- [WHAT YOU HAVE TO DO] Extract exactly the lines from the top of the records through the line containing "Terreno rústico com", and keep pictures out of the copy.

%%

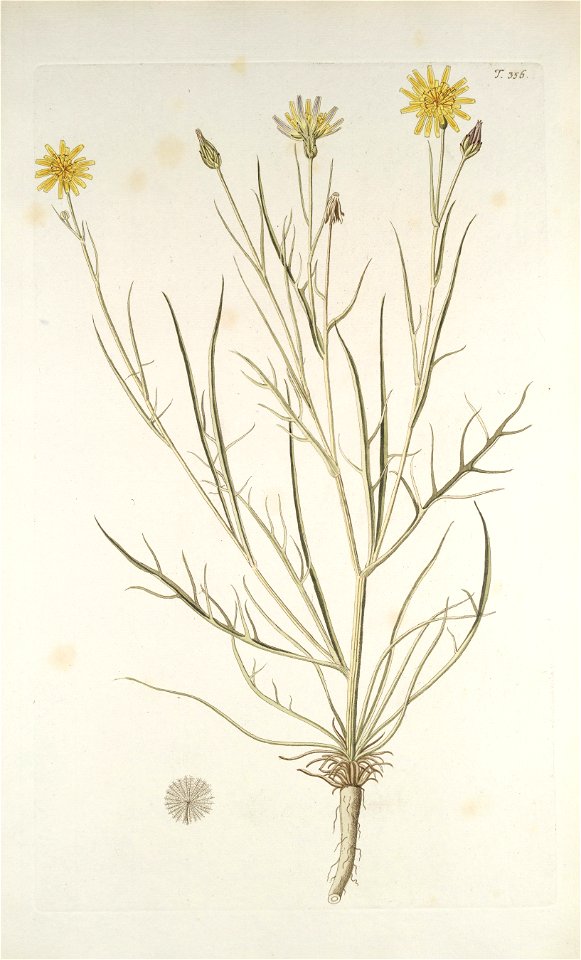 Scorzonera laciniata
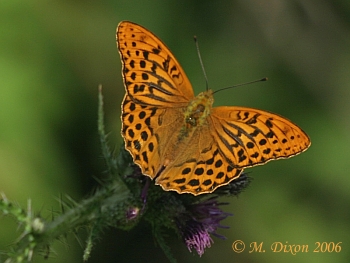 Silverwashed fritillary with wings open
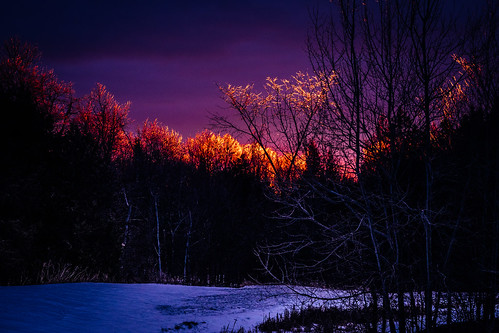 trees sunset orange snow clouds purple treetops endofwinter magicallight vankleekhill fujiprovia400x vsco day85366 25mar16 lensblr photographersontumblr vscofilm04 xf56mmf12r fujifilmxt1 ©2016ericdelorme|emrold 366the2016edition 3662016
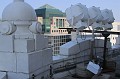 IMG_9314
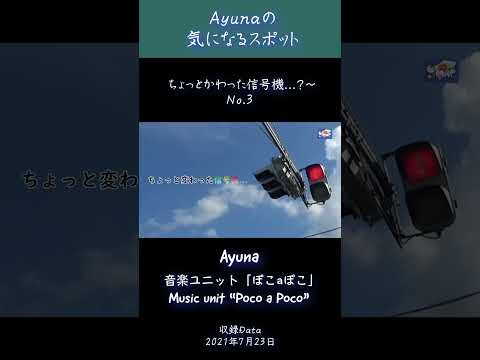 ちょっと変わった信号機…？ No,3 -Ayunaの気になるスポット- #信号機 #双子信号機 #ちょっと変わった信号機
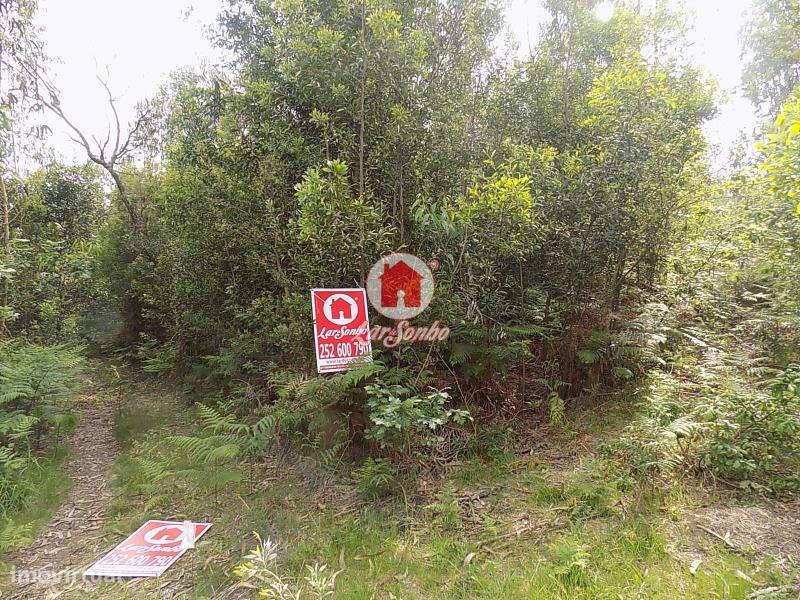 Terreno rústico com 6300m2 em Esmeriz, VNF - Grande imagem: 2/4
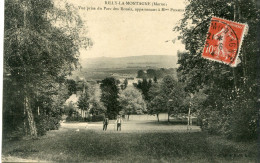 RILLY La MONTAGNE - VUE PRISE Du PARC Des ROZAIS APPARTENANT à Mme POMMERY - CLICHE RARE - - Rilly-la-Montagne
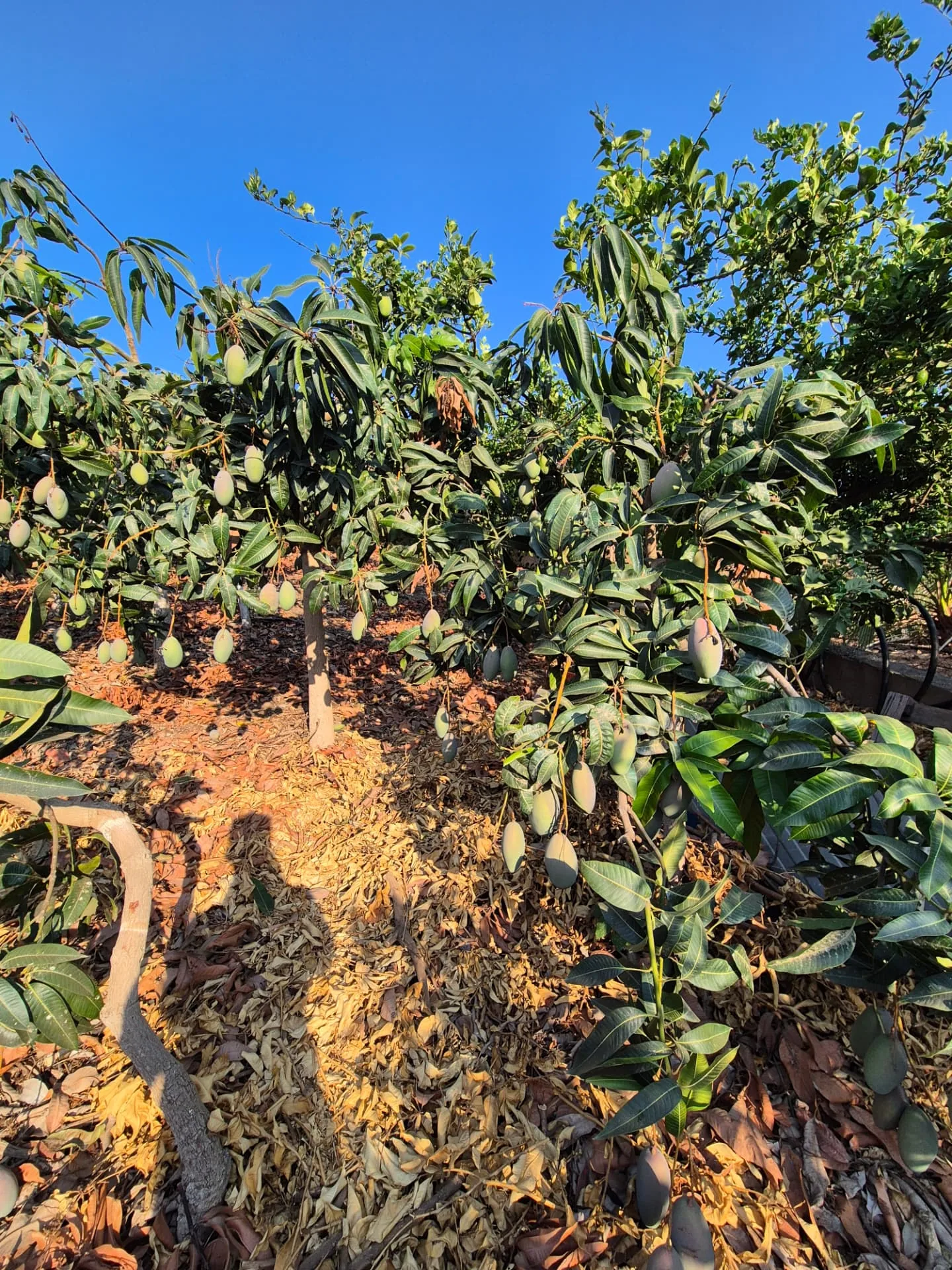 Cultivo de mango en la Axarquía con fruta madurando en el árbol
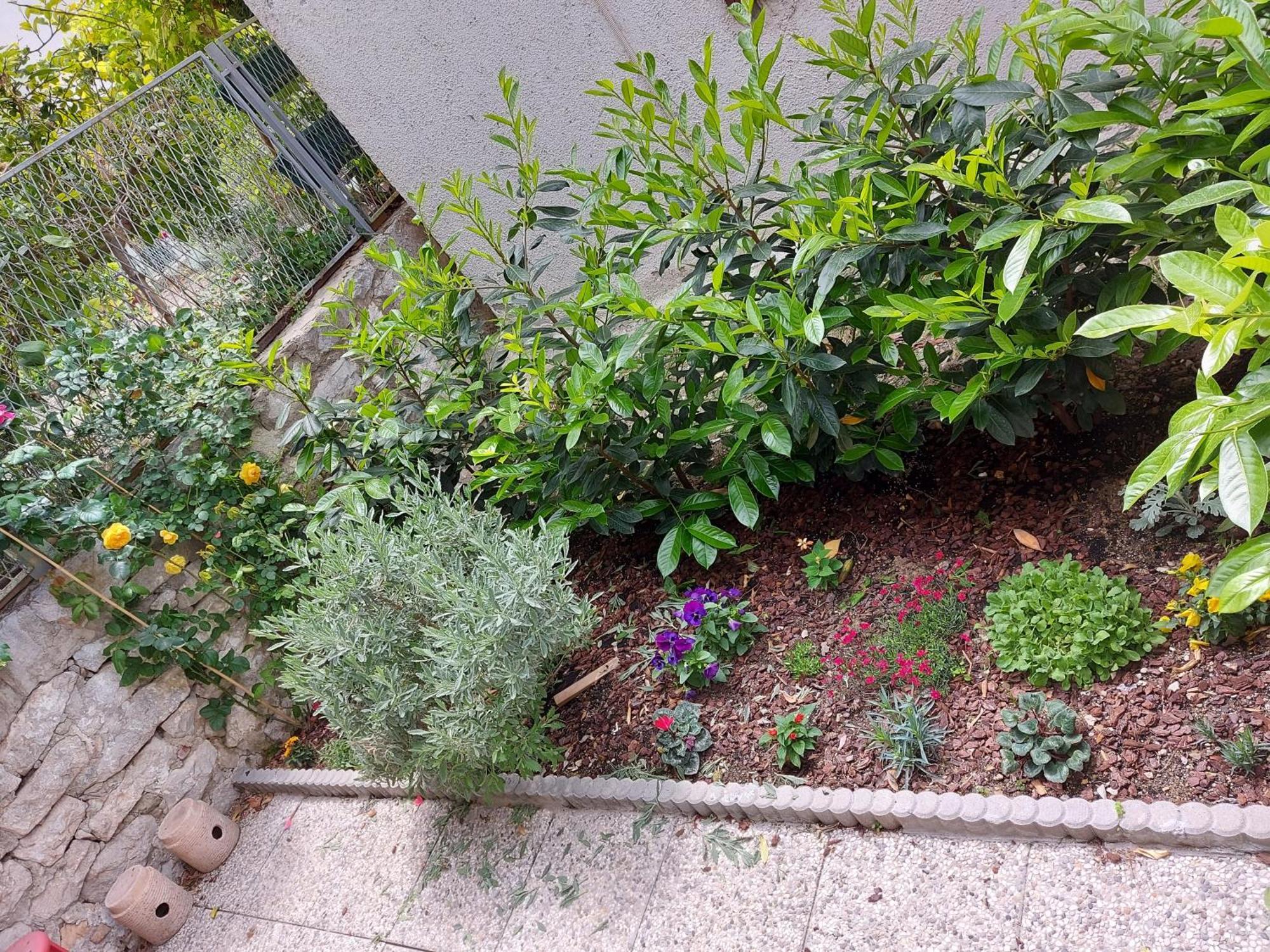 ספליט Apartments And Rooms Stone House חדר תמונה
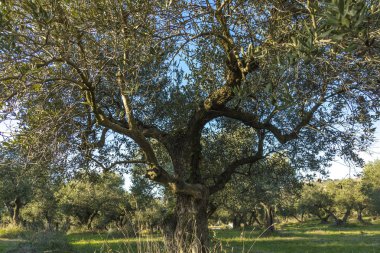 Monteprandone (Marche) İtalya eski zeytin ağacı ile Akdeniz zeytin alan.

%%

- [RESULT]
 Scorzonera laciniata
 Silverwashed fritillary with wings open
 trees sunset orange snow clouds purple treetops endofwinter magicallight vankleekhill fujiprovia400x vsco day85366 25mar16 lensblr photographersontumblr vscofilm04 xf56mmf12r fujifilmxt1 ©2016ericdelorme|emrold 366the2016edition 3662016
 IMG_9314
 ちょっと変わった信号機…？ No,3 -Ayunaの気になるスポット- #信号機 #双子信号機 #ちょっと変わった信号機
 Terreno rústico com 6300m2 em Esmeriz, VNF - Grande imagem: 2/4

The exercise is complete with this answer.